Microsoft4 (1)
Microsoft4 (1)

With APT28 now using Microsoft's Dynamic Data Exchange (DDE)  as an attack point, the company has issued an official advisory concerning the practice, along with possible mitigation methods.

The advisory notes that attacks can take place via email and corrupt Word, Excel, Publisher and Outlook documents. An attack is conducted through email when an attacker sends the intended victim a specially crafted file with a name designed to entice the victim to open it. Unlike other attacks that use Word docs, with DDE the victims do not have to manually enable macros for the payload to download. Instead, infection happens automatically.

Microsoft offered several suggestions for stopping these attacks. For Word documents, the company says to not open suspicious email attachments or to manually create and set registry entries for Microsoft Office. The latter task should only be handled by someone familiar with the system because if Registry Editor is used incorrectly the operating system may have to be reinstalled.

An attack through Publisher would likely take place using a Word document, so the Word mitigation will solve this problem as well.

Excel documents require DDE to open, but this can be disabled by going to Set File->Options->Trust Center->Trust Center Settings…->External Content->Security settings for Workbook Links = Disable automatic update of Workbook Links, Microsoft said.

However, disabling this feature could prevent Excel spreadsheets from updating dynamically if disabled in the registry, Microsoft noted.
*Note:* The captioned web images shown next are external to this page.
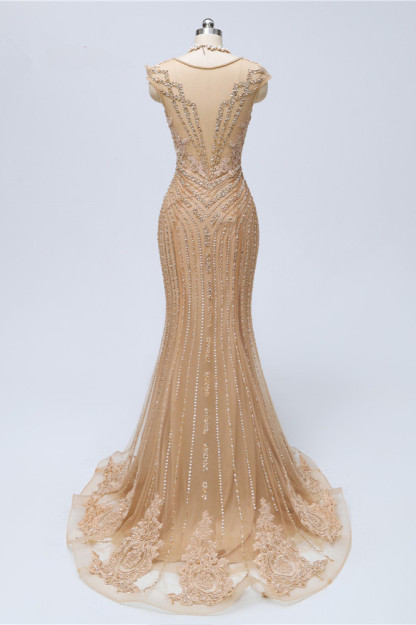 BMbridal Chic V-Neck Sleeveless Mermaid Prom Dresses with Appliques Beadings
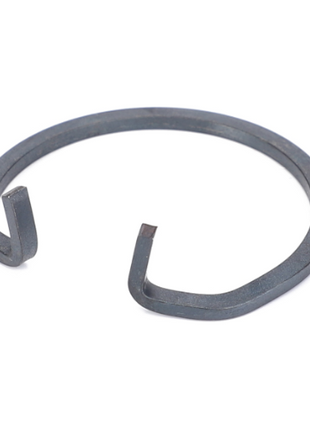 A metal snap ring with two ends bent outward, displayed on a white background, ideal for use in Massey Ferguson tractor parts, is the AGCO-brand Massey Ferguson Circlip (model number 3615384M2).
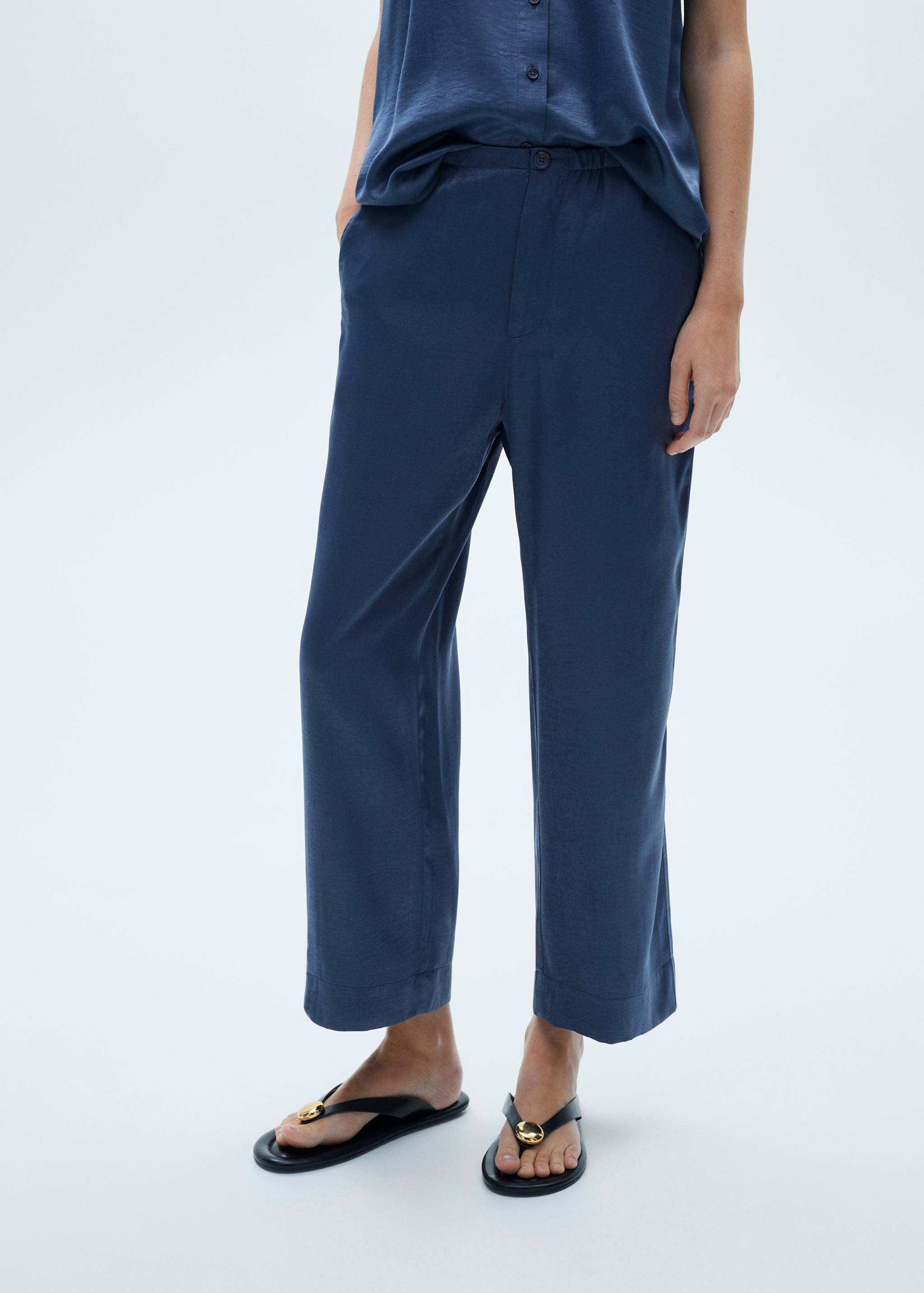 Satin crop trousers - Medium plane
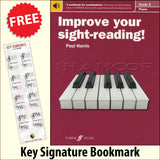 front cover of Improve Your Sight-Reading Piano Grade 5 together with free Piano Clef bookmark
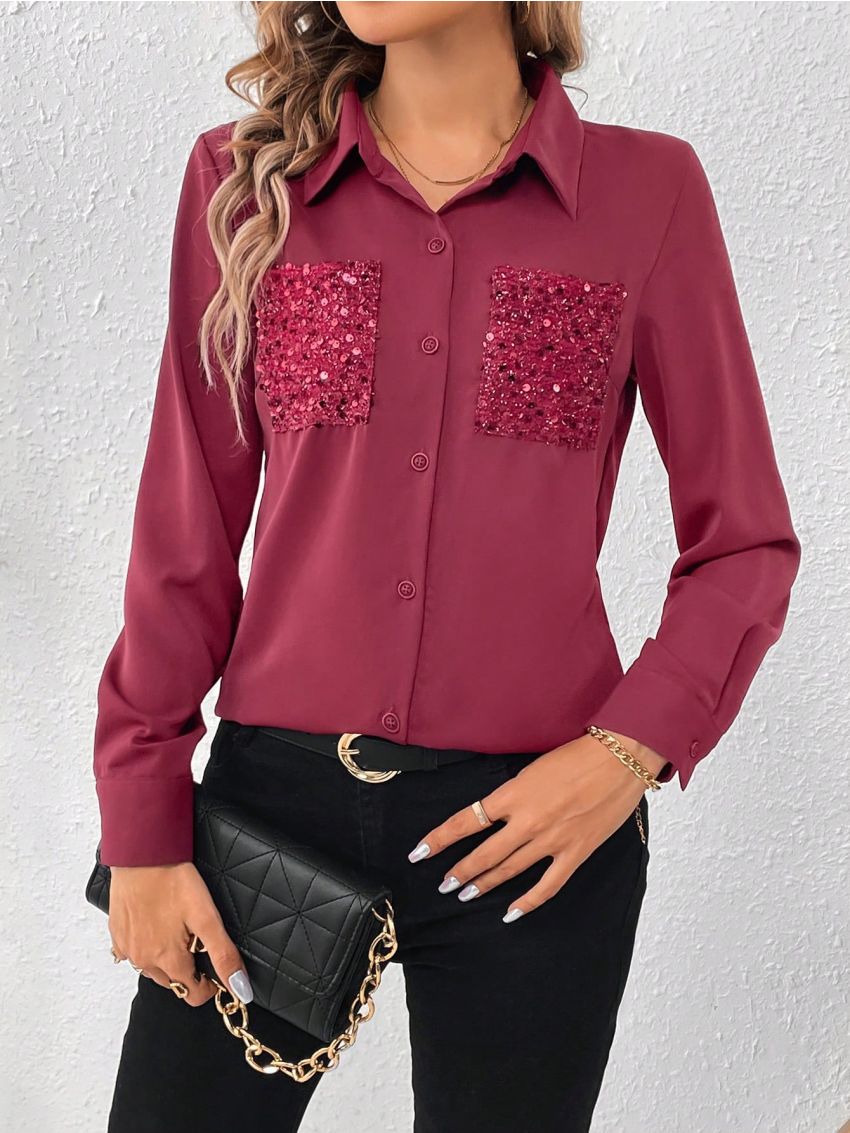 Women'S Patchwork Sparkly Pocket Shirt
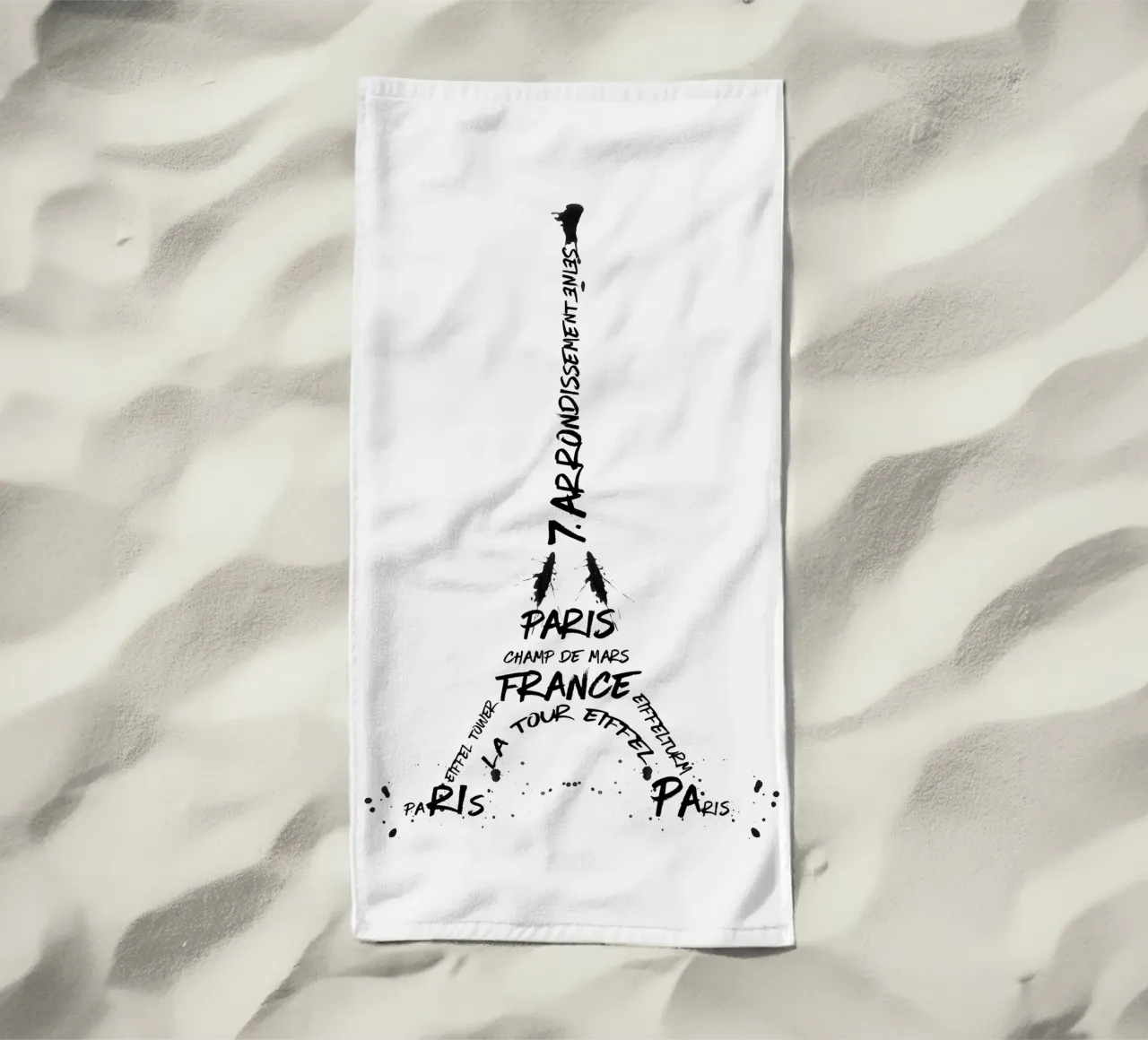 Torre Eiffel de arte digital toalla de playa de Melanie Viola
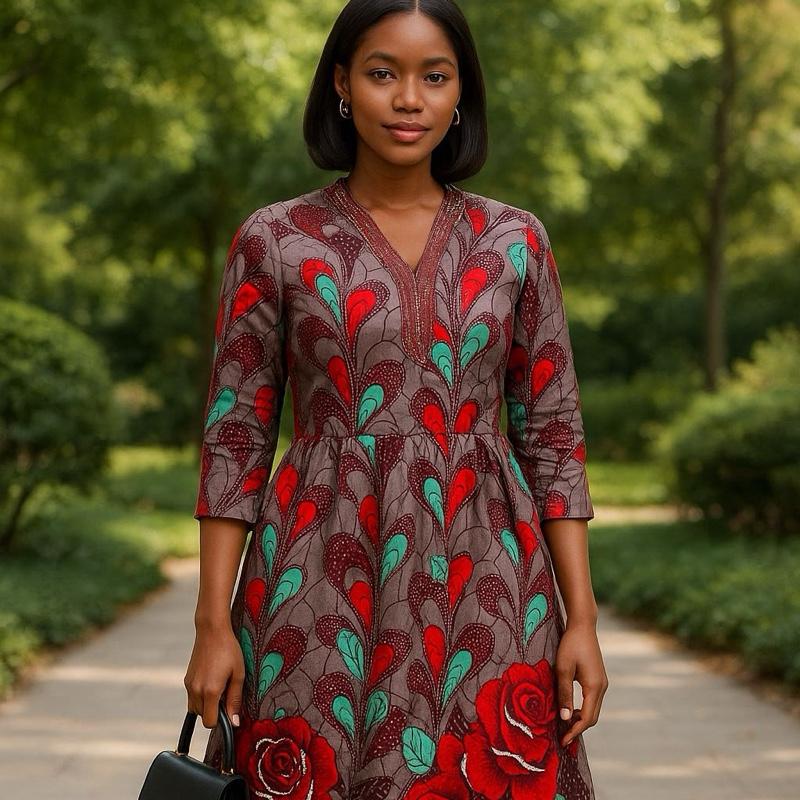 Afriswish Elegant Ankara Floral Peplum Midi Dress with Red Rose Print and Rhinestone Neckline for Women african prom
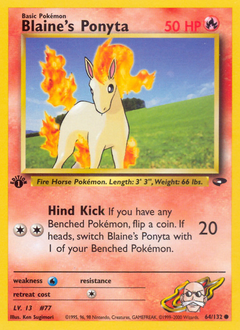 Blaine's Ponyta, Gym Challenge #64, Pokémon TCG card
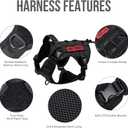 OneTigris Tactical Dog Harness Vest,No-Pull Service Dog Vest with Hook & Loop Panels,Adjustable Dog Vest Harness for Walking Hiking Training(Black,XS)
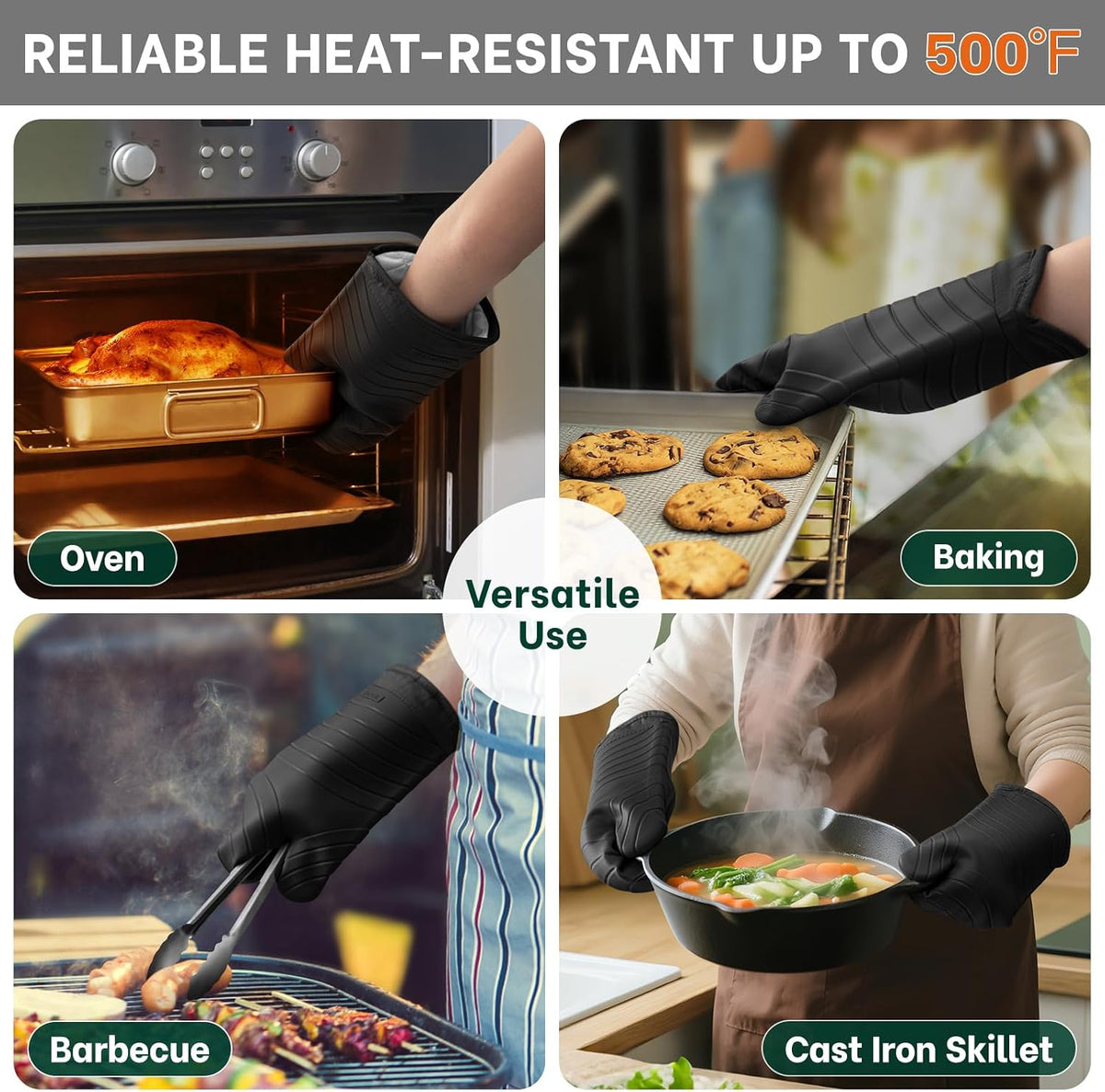 Beneno BPA-Free Silicone Oven Mitt 2-Pack Set, 7"x13", Black | Heat Resistant 500°F Oven Mitts with Non-Slip Grip, Soft Thicker Lining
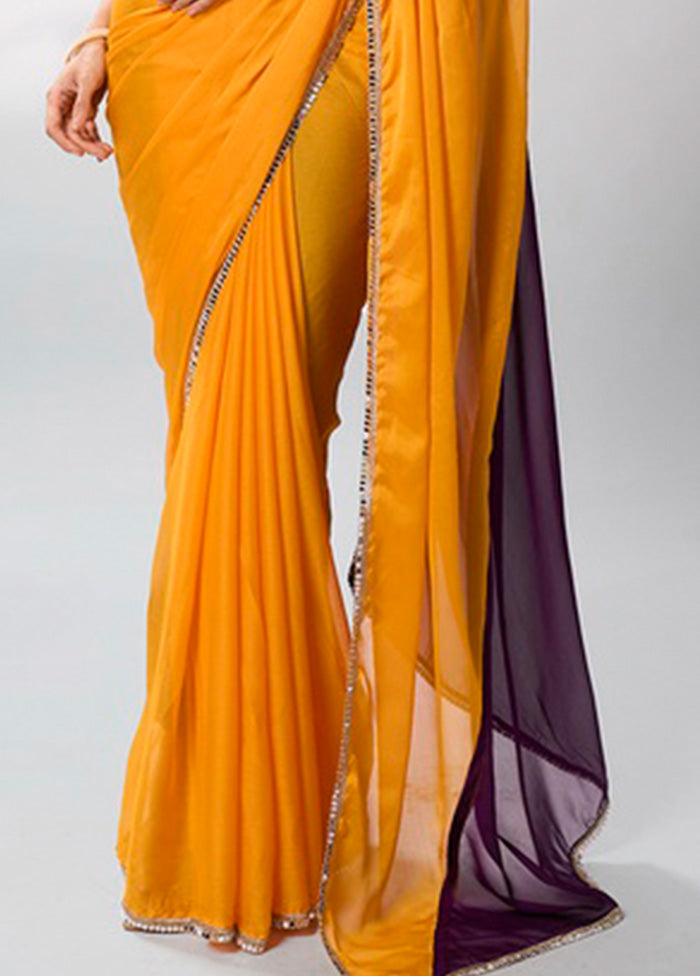 Yellow Georgette Saree With Blouse Piece Buy Cheap Outlet Locations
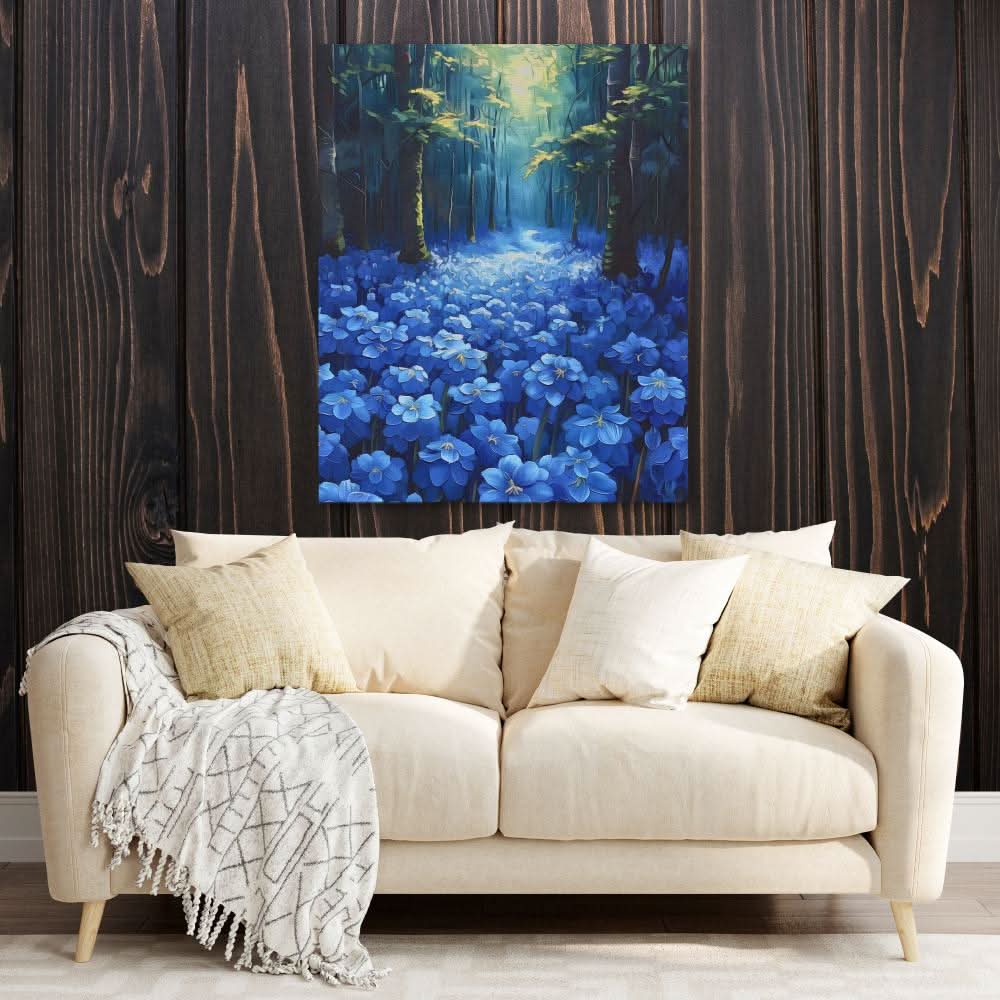 Blue Floral Forest - Blue Canvas Wall Art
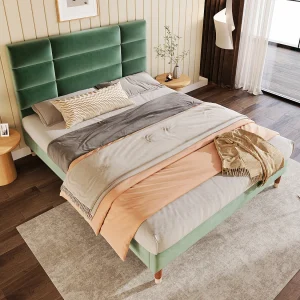 Gestoffeerd Bed 140×200 cm – Gewatteerd Hoofdeinde 8 cm – Lattenbodem – Onderopslag 17 cm – Voor Volwassenen – Fluweel – Donkergroen – Zonder matras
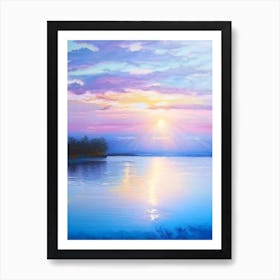 Sunrise Over Lake Waterscape Marble Acrylic Painting 2 Art Print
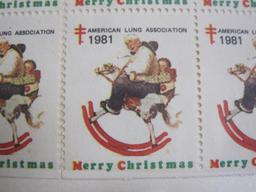 TWO full sheets of 1981 American Lung Asociation US Christmas seals; see pictures for condition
Outlook can also be adjusted through the Registry Editor, but this will disable automatic updates for the DDE field OLE links. These updates will have to be completed manually.

DDE is a protocol used for interprocess communications, such as the transferring of data between applications. Earlier this year, researchers at SensePost determined that DDE could be essentially exploited to execute malicious code in Microsoft Word.

Microsoft Corporation reportedly chose not to act on the findings, calling this functionality an intentional feature. However, SensePost noted in a blog post that Microsoft said it would consider reclassifying the feature as a bug in the next version of Windows.

Later, in October, Cisco Talos reported that a spear phishing campaign impersonating the US Securities and Exchange Commission was discovered attempting to infect victims with DNSMessenger malware, using malicious Word attachments that abuse the DDE protocol. And another recently observed malspam campaign, which distributes Locky and Trickbot to victims depending on their geographic location, also exploits DDE.